Anıtın üzerinde de Sultan Abdülmecit'in tuğrası bulunmaktadır.

XIX. yüzyılın sonlarında Şirketi Hayriye tarafından burada ahşap bir iskele yapılmış ve Üsküdar’a sefer yapan yandan çarklı vapurlar bu iskeleyi kullanmışlardır. Kabataş İskelesi 1960 yılında betonarme olarak yeniden yapılmıştır. 1989 yılında bu iskele yıkılmış ve yerine daha büyük bir iskele yapılmıştır.

Kabataş İskelesi dikdörtgen planlı, betonarme bir yapı olup, üzeri düz çatılıdır. İskelenin girişinde iki gişe ve sonra da turnikeler vardır.

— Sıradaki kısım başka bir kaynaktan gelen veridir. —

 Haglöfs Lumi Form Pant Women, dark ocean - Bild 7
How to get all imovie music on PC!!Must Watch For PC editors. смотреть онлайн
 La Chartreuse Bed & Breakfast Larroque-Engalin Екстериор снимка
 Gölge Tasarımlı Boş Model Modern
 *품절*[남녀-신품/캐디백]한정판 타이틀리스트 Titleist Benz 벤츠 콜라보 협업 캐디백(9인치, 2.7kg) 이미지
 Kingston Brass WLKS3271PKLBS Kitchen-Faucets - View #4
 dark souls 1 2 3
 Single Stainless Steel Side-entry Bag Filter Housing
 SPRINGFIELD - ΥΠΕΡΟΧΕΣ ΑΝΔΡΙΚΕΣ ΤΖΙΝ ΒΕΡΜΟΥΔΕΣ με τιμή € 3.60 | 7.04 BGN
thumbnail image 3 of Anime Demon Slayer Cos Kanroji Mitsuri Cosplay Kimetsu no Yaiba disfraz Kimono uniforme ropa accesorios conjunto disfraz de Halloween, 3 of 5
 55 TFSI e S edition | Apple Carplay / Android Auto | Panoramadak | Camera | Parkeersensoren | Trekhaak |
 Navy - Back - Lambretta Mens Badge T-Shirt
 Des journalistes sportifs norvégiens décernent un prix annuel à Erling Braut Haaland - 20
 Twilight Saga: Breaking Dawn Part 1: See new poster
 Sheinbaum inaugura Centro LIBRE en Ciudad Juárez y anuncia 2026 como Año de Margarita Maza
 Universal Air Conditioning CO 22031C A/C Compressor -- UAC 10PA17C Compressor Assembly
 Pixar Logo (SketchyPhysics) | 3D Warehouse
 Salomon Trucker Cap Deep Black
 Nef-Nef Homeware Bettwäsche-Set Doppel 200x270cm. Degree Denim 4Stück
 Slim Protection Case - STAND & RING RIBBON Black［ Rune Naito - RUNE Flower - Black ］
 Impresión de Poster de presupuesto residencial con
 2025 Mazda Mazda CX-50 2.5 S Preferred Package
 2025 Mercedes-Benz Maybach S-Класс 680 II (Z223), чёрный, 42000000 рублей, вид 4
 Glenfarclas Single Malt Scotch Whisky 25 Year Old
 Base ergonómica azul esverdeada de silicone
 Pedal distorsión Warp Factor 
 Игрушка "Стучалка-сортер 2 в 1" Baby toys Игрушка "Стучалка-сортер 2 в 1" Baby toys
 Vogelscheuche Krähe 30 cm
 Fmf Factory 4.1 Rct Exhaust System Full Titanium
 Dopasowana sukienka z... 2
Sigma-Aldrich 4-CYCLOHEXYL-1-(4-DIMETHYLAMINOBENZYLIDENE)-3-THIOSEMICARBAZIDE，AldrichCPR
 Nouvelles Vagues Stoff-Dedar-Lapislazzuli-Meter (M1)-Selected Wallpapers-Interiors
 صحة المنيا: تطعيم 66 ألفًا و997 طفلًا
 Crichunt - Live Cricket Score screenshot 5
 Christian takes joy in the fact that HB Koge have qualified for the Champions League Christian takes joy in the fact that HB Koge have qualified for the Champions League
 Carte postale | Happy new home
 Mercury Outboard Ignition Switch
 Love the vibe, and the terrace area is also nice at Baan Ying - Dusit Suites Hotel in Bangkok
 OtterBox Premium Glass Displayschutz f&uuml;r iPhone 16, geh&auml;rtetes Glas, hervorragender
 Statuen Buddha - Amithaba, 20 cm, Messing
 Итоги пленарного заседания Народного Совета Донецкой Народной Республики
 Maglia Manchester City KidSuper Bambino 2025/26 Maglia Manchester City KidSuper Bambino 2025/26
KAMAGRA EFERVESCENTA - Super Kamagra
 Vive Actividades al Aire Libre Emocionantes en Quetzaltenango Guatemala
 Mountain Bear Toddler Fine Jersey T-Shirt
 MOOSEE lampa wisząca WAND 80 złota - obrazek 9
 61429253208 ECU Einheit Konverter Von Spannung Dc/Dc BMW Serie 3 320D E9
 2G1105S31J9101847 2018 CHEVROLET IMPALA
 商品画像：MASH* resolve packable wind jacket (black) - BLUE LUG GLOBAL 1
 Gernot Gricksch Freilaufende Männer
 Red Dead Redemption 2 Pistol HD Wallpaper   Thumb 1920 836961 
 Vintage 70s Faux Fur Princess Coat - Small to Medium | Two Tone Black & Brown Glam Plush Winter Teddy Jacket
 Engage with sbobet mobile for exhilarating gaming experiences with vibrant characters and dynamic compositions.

Turnikelerden büyük bir yolcu salonuna geçilir. Bu bölümün her iki yan duvarı geniş pencerelidir. İçeride eski İstanbul’un resmi duvara yerleştirilmiştir. İskelenin yanına küçük bir ek bölüm yapılmış olup, burada gişe memurları ve çımacıların odaları bulunmaktadır.

İskelenin denize doğru uzanan 55.00 m. uzunluğunda, 23.00 m. genişliğinde betonarme bir yanaşma yeri bulunmaktadır. İskele üç geminin aynı anda yanaşabileceği kapasitededir. Buradan Üsküdar, Yalova ve Çınarcık seferleri yapılmaktadır.

Kabataş İskelesinin 50 m. ilerisinde, Dolmabahçe yönünde küçük bir iskele daha bulunmaktadır. Dikdörtgen planlı, geniş ve yuvarlak kemerli pencereleri olan bu iskele çoğunlukla yaz aylarında kullanılmakta ve motorlara da hizmet vermektedir.

Kabataş’taki bir diğer iskele XX. yüzyılın sonlarına doğru yapılmış olan Deniz Otobüsleri İskelesidir. Vapur iskelesinin Fındıklı yönündeki bu iskele denize dik, dar kenarlı ve çelik konstrüksiyonlu fabrikasyondur. Üzeri beşik çatı ile örtülüdür. İskelenin girişinde gişe ve turnikeler bulunmaktadır. Bekleme salonunda Bostancı, Yalova ve Büyükada yolcularına ayrılan üç ayrı bekleme salonu vardır. İskelenin denize ve caddeye bakan kısımlarına sundurmalar eklenmiştir. Önünde de kıyıya paralel betonarme bir yanaşma yeri bulunmaktadır.